According to a 2017 study in Clinical, Cosmetic, and Investigational Dermatology, after 12 weeks of treatment with oral [hyaluronic acid], 60 people with crow's feet experienced a reduction in wrinkle depth and volume. They also had improved skin luster and suppleness. [NIH.Gov]
In the same study, data found that the dosage amount could vary but end with a similar outcome. In other words, people taking lower doses simply needed to take it longer before they saw similar results. [Verywellhealth]
The recommended doses are anywhere between 200-1000mg/day but your primary care doctor or nutritionist are the best sources for learning about how many milligrams of H A is right for you.

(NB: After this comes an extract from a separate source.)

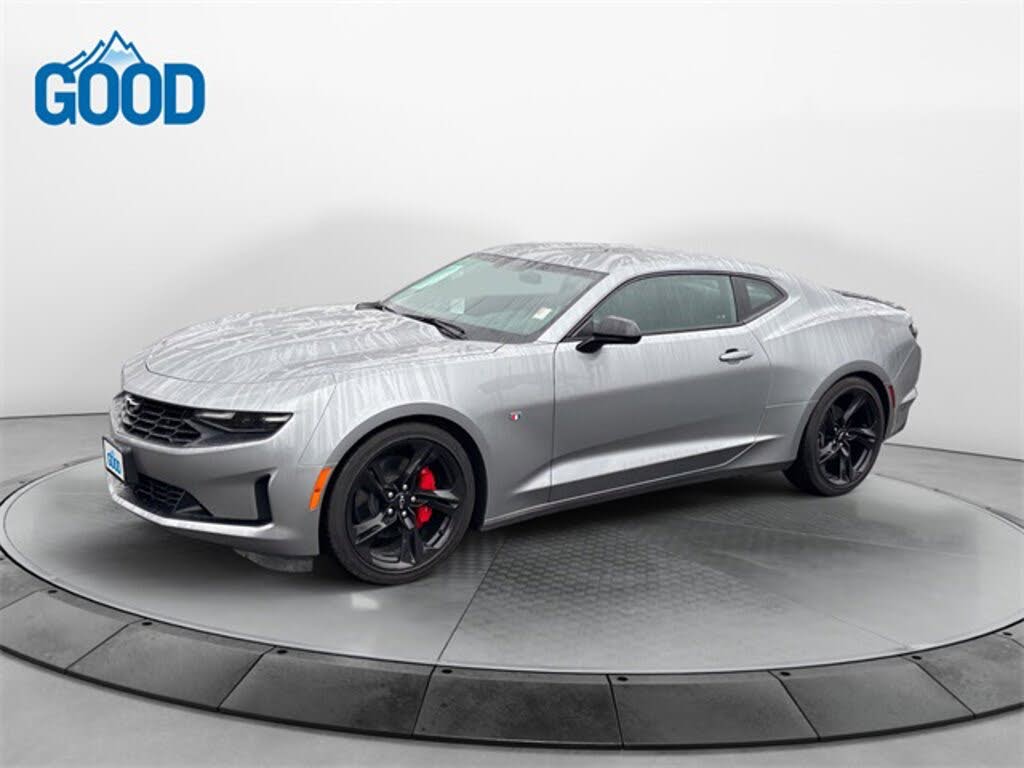 2024 Chevrolet Camaro 1LT Coupe RWD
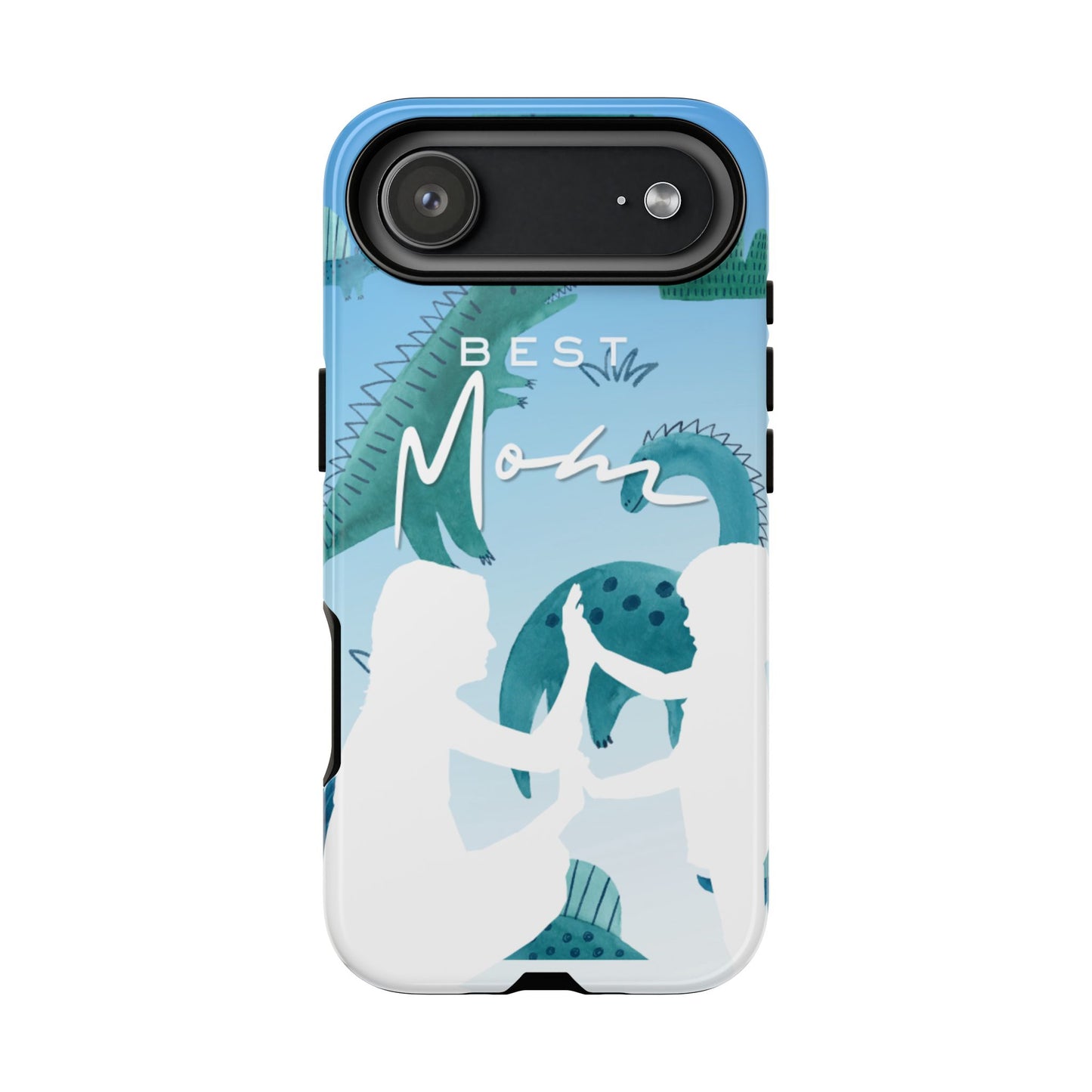 Protective Phone Case – Best Mom: My Little Boy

“The #1 reason to use supplements is if you are deficient and cannot get the nutrient in your diet.” -Nicole McGee, M.A. in Kinesiology and Heath Expert
I’d like to believe that collagen and hyaluronic acid supplements could be beneficial to those with acneic skin due to the benefits of being anti-inflammatory and skin barrier-repairing hydration benefits. As of now, there is a lack of solid evidence supporting the benefits of these supplements. And there are many variables to consider.
- Slow natural collagen and hyaluronic acid loss by wearing SPF, avoiding smoking and eating inflammatory foods, and of course, by reducing stress.
- Boost natural production by eating a protein-rich diet that also includes leafy greens, vitamin-C, and magnesium.
- Consult your doctor about taking these nutrients in supplement form if you believe you are deficient.